Деревянный частный дом недалеко от центра Саратова, старая советская «Волга» у ворот — казалось бы, жилище лётчика гражданской авиации на пенсии должно выглядеть немного иначе. Хозяин постройки — Алексей Целяев — тоже не очень похож на бывшего пилота. Кажется, что увольнение, суды, тюремное заключение и «закрытое небо» сильно подкосили этого человека.
Родственники Целяева, видя, как он «выгорает» из-за многочисленных безрезультатных обращений во все возможные инстанции, попросили ИА «Версия-Саратов» рассказать историю летчика.
«Рейс очень сложный, беды с ним наживём!»
Ранним утром 24 апреля 1988 года самолёт Ан-24 под командованием 39-летнего Алексея Целяева завершал рейс П-470. Помимо экипажа из четырёх человек на борту находились 48 пассажиров, из них трое — маленькие дети. До конечного пункта маршрута — Саратова — оставалась только остановка в аэропорту Балаково.
Как вспоминает сам Целяев, у лётчиков саратовского авиаотряда рейс П-469/470, следующий по маршруту Саратов-Балаково-Уфа-Свердловск и обратно, заслуженно считался очень тяжёлым.
— Прямо за два дня до того моего полёта у нас проводилось партсобрание лётного отряда. В частности, на нём поднимался вопрос и этого рейса. Начальство задалось вопросом: «Что делать с П-469/470? Рейс очень сложный, беды с ним наживём!», — рассказал бывший пилот.
Ночной рейс с шестью посадками, согласно приказу Приволжского управления гражданской авиации, сопровождался обязательной сменой экипажа в Уфе.
— Всегда был запланирован отдых экипажа в Уфе. Там мы ночевали сутки. Потом прилетает другой экипаж, мы берём их самолёт, меняя их, и продолжаем рейс. То есть, теоретически мы должны были закончить работу в Уфе в 2:30 ночи. По каким причинам в тот день был отменена смена экипажа ни мне, ни мои коллегам известно так и не стало, — поделился Алексей Целяев.
Итак, несмотря на настороженность лётного отряда по поводу сложности рейса, в этот раз смены экипажа не было. По словам Целяева, ни он сам, ни другие члены экипажа не боялись перелёта без сменщиков.

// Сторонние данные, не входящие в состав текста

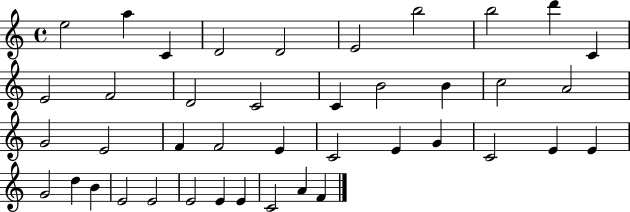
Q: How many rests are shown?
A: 0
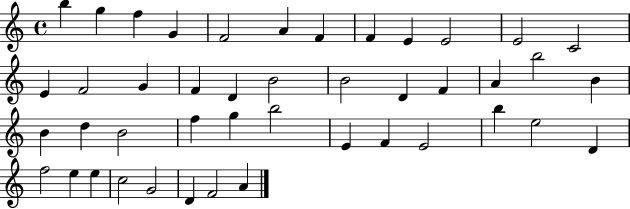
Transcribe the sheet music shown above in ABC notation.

X:1
T:Untitled
M:4/4
L:1/4
K:C
b g f G F2 A F F E E2 E2 C2 E F2 G F D B2 B2 D F A b2 B B d B2 f g b2 E F E2 b e2 D f2 e e c2 G2 D F2 A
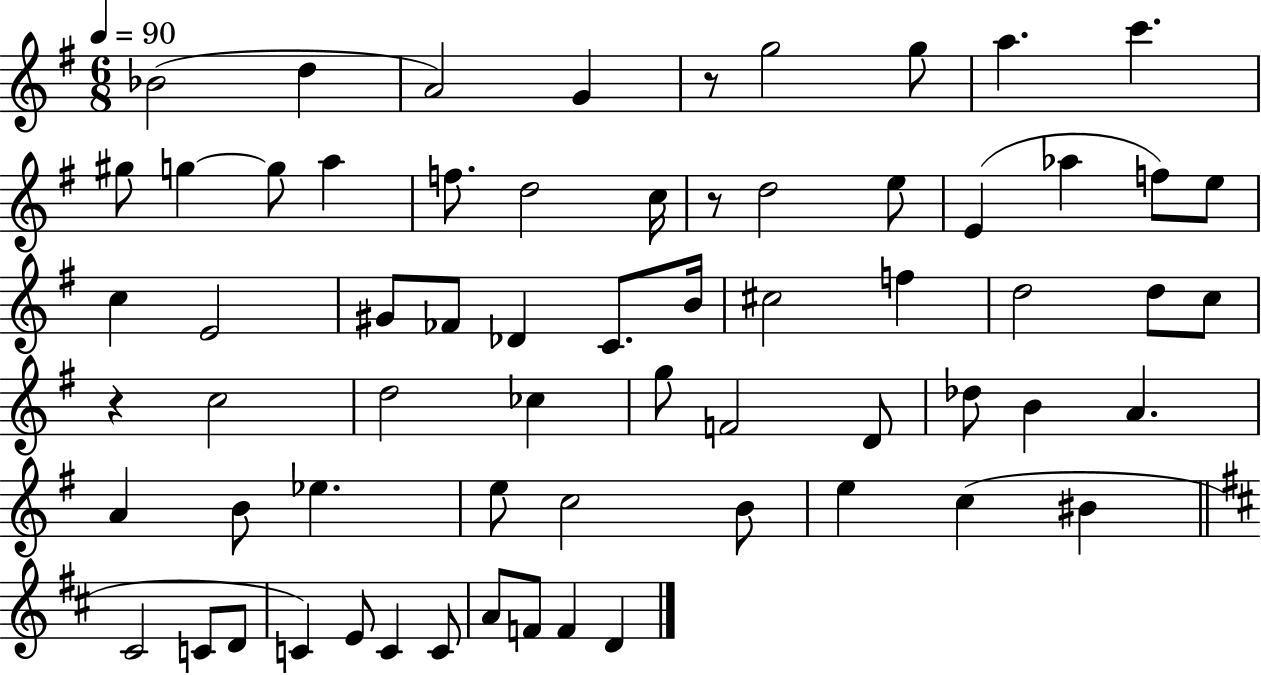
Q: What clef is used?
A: treble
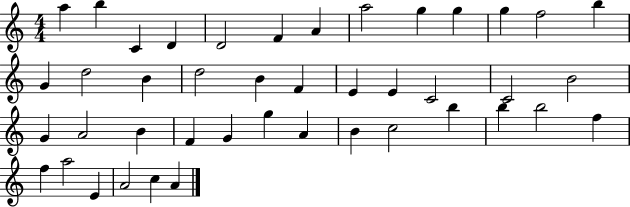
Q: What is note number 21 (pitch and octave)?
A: E4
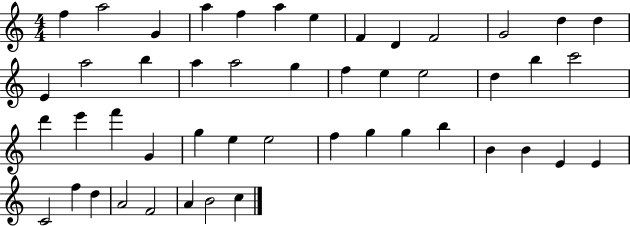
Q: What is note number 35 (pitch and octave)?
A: G5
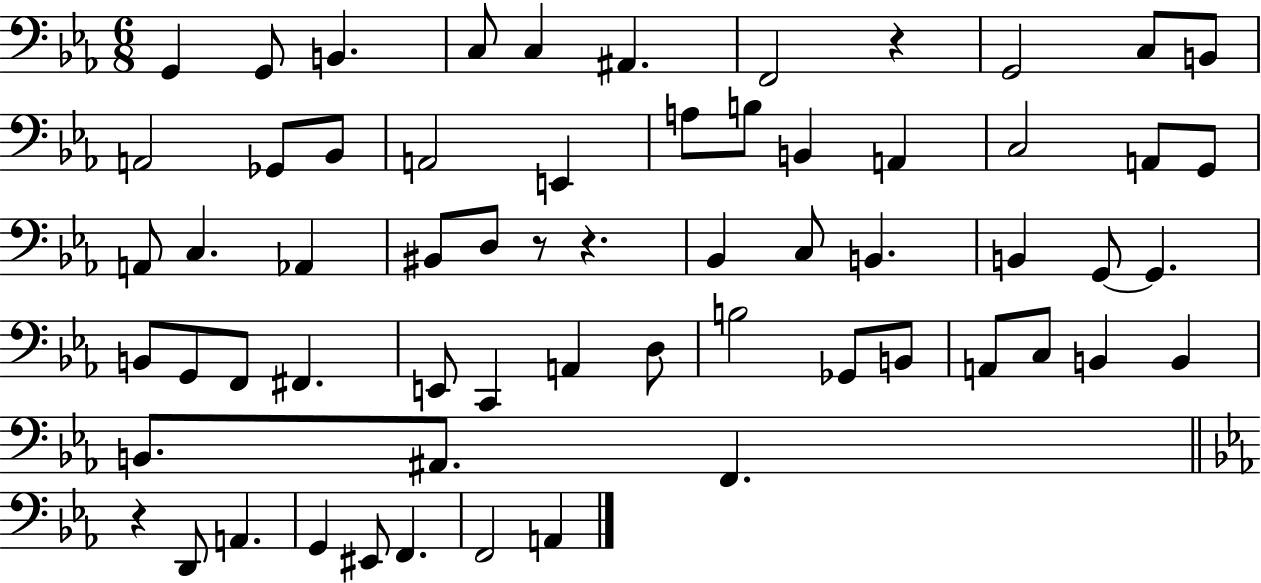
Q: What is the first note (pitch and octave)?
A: G2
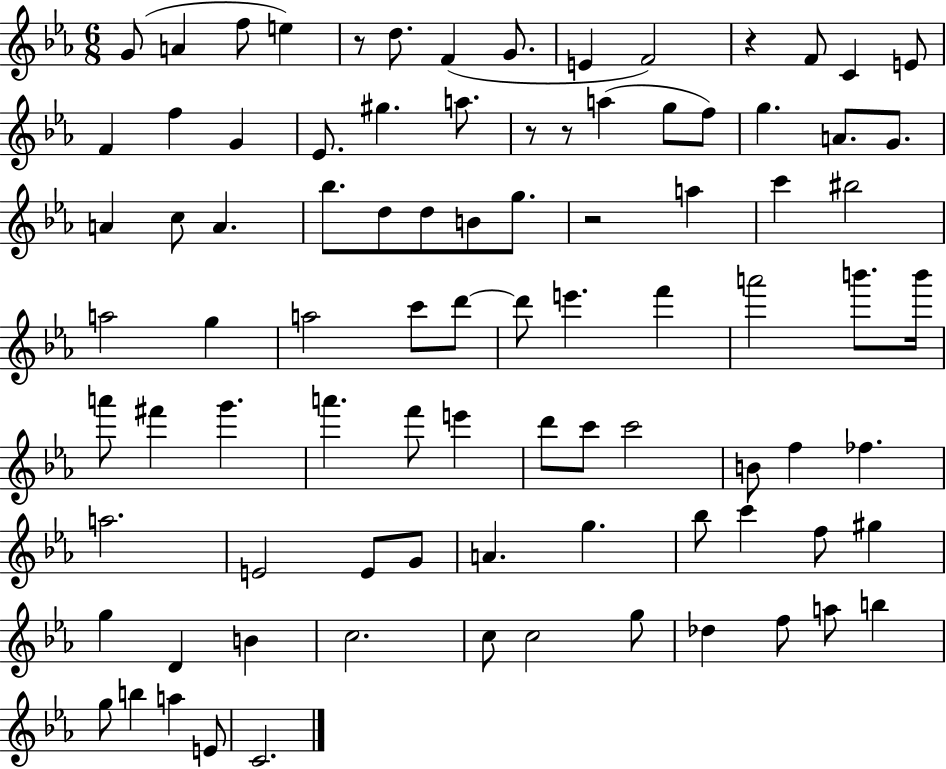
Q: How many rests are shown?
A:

Целяев — командир воздушного судна / фото из личного архива
— Тогда я уже проработал в авиации 18 лет. Ан-24 не был для меня новой машиной, я отлично был знаком с самолётом, знал его слабые и сильные стороны. Второго пилота, Александра Симкина, я знал очень хорошо, как и своего бортмеханика Владимира. Я был уверен в этих людях, мы летали вместе давно. Если возникали какие-то непредвиденные ситуации при посадке, они не позволяли самолёту ни на сантиметр отклониться от заданного курса, вне зависимости от условий, в которых приходилось работать. Мы годами с ними летали и прекрасно понимали друг друга.
Ещё одним серьёзным нарушением регламента рейса было то, что из состава экипажа был выведен штурман. Это подтверждается не только словами командира воздушного судна Целяева, но и материалами расследования МАК (Межгосударственной Авиационной комиссии), оказавшимися в распоряжении редакции.
Удар о поле
К моменту, когда «Аннушка» (так лётчики ласково называют Ан-24) подлетала к Балаково, лётчики работали непрерывно уже более 12 часов. Тем не менее, по словам Целяева, экипаж штатно выполнял свои задачи.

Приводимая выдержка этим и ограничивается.